(What is needed) Set down, character for character, everything in the records below from the line holding "This indicates the" down to the line holding "I call my mother", and no other line.
***** Material shown
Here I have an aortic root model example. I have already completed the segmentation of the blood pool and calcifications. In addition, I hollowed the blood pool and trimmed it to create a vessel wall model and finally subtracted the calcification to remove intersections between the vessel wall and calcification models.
**********
***** Material shown
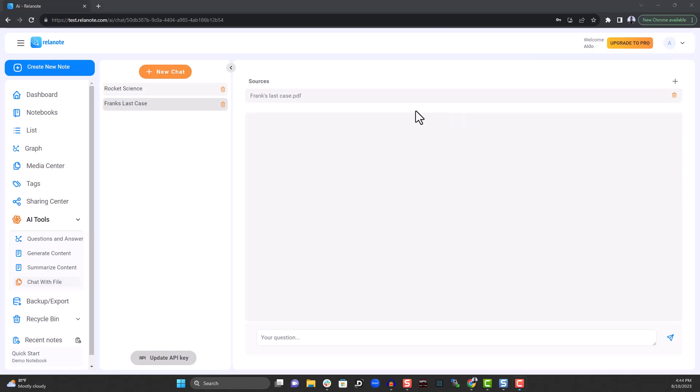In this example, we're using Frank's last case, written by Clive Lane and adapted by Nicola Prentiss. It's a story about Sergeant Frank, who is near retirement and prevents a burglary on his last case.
**********
***** Material shown
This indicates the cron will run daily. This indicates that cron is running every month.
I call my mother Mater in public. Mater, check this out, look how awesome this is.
**********
(Response area)
This indicates the cron will run daily. This indicates that cron is running every month.
I call my mother Mater in public. Mater, check this out, look how awesome this is.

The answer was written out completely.